Large databases comprising of text in a target language are commonly used when generating language models for various purposes. In this exercise, you will use the English database but may consider three other databases in German, Russian and Finnish.
The goal of this task is to get familiar with the databases and do the necessary cleaning. After this exercise, you should understand what real data looks like and how much effort you need to put into cleaning the data. When you commence on developing a new language, the first thing is to understand the language and its peculiarities with respect to your target. You can learn to read, speak and write the language. Alternatively, you can study data and learn from existing information about the language through literature and the internet. At the very least, you need to understand how the language is written: writing script, existing input methods, some phonetic knowledge, etc.
Note that the data contain words of offensive and profane meaning. They are left there intentionally to highlight the fact that the developer has to work on them.
Tasks to accomplish
Tokenization - identifying appropriate tokens such as words, punctuation, and numbers. Writing a function that takes a file as input and returns a tokenized version of it.

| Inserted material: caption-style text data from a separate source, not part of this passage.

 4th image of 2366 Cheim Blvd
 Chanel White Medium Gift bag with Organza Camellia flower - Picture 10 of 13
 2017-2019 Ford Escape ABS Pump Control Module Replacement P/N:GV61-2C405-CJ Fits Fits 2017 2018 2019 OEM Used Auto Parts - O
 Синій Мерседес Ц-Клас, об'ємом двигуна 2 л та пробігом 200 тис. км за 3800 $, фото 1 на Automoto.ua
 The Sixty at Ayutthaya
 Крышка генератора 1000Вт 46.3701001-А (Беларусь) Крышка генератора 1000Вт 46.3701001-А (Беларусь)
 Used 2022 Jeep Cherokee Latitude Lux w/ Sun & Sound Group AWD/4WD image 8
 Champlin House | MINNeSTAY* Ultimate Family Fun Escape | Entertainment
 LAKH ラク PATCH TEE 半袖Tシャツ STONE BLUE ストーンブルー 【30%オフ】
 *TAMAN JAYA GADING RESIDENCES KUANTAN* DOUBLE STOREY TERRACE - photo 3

Profanity filtering - removing profanity and other words you do not want to predict.
Tips, tricks, and hints
library(tm)
## Loading required package: NLP
url <- "https://d396qusza40orc.cloudfront.net/dsscapstone/dataset/Coursera-SwiftKey.zip"
download.file(url, dest = "capstone_dataset.zip")
unzip ("capstone_dataset.zip")
url_directory <- "C:/Users/maigu/OneDrive/Documentos/Eli/datasciencecoursera/Data-Science-Capstone/final/en_US/"
url_twitter <- paste(url_directory, "en_US.twitter.txt", sep = "")
url_blogs <- paste(url_directory, "en_US.blogs.txt", sep = "")
url_news <- paste(url_directory, "en_US.news.txt", sep = "")
twitter_file <- readLines(url_twitter, encoding="UTF-8")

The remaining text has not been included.